GPU Command Buffer
GPU Command Buffer
This are mostly just notes on the GPU command buffer
The GPU Command Buffer system is the way in which Chrome talks to the GPU either OpenGL or OpenGL ES (or OpenGL ES emulated through ANGLE). It is designed to have an API that emulates the OpenGL ES 2.0 API enforcing the restrictions of that API and working around incompatibilities in drivers and platforms. Goals:The #1 goal of the command buffer system is security. Graphics systems in OSes have gaping security holes. Two simple examples are you can allocate a texture or a buffer and the memory returned is left as is. That memory is often left over from other applications and could contain passwords, images or other data that should not be visible to the calling app. Similarly there are many API functions that are buggy or have poorly designed APIs that make them easy to call in ways that would crash the browser. The #1 goal of the GPU process is to prevent these problems.

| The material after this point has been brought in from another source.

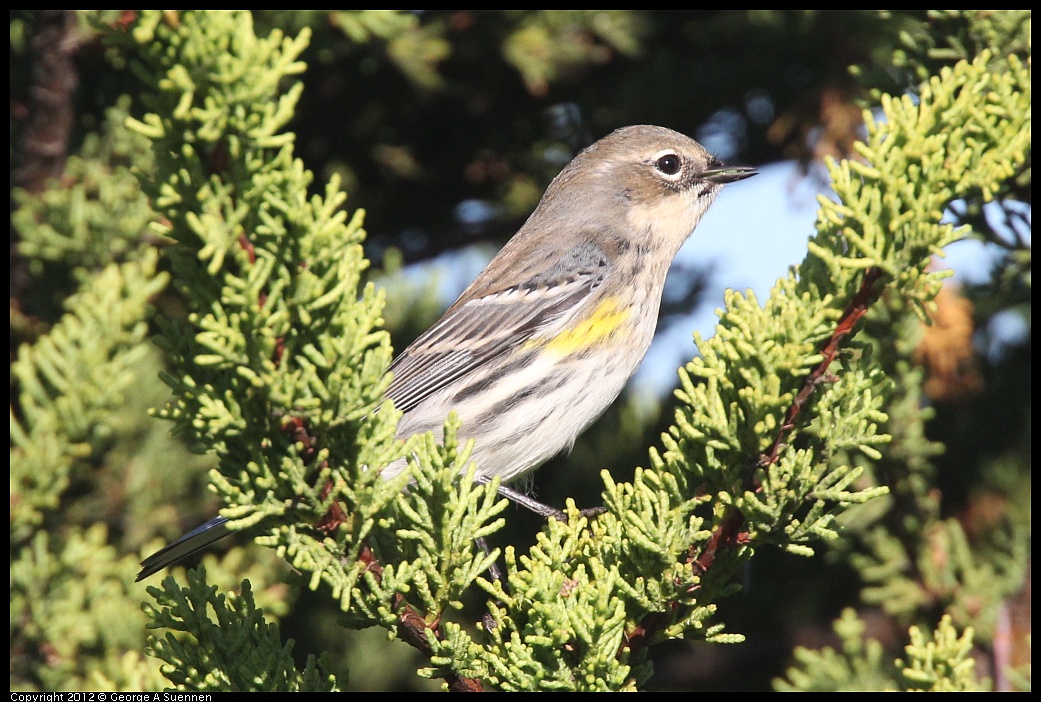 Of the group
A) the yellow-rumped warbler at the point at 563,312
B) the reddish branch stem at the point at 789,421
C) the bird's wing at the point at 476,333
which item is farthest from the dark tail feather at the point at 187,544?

The #2 goal is compatibility across systems. From the POV of clients there should be no differences in behavior across systems. In some cases that means enforcing restrictions that are not there on the actual system. Examples include disabling advanced GLSL features. Others involve working around bugs by re-writing shaders or other techniques.
The #3 goal is speed. Speed is why a command buffer implementation was chosen. The client can write commands very quickly with little or no communication with the service and only once in a while tell the service it has written more commands. For example, another implementation could have used a separate IPC for each OpenGL ES 2.0 function but that would arguably be too slow. The command buffer gets another speed boost because it effectively parallelizes calls into the OS graphics API. A call like glUniform or glDrawArrays might be a very expensive call but because of the command buffer the client just writes a few bytes into the command buffer and is done. The GPU process calls the real OpenGL function on another process which effectively makes the program multi-core.
Implementation:
The basic implementation is a "command buffer". A client (the render process, pepper plugin, etc..) writes commands into some shared memory. It updates a 'put' pointer through IPC telling the GPU process how far it has written into that buffer. The GPU process or service then reads commands from that buffer. For each command it validates the command, its arguments, and whether or not the arguments are appropriate for the current state of the OSes graphics API and only then makes the actual call into the OS. This means even a compromised renderer running native code, writing its own commands, can hopefully not get the GPU process to call the graphics system in such a way as to compromise the system.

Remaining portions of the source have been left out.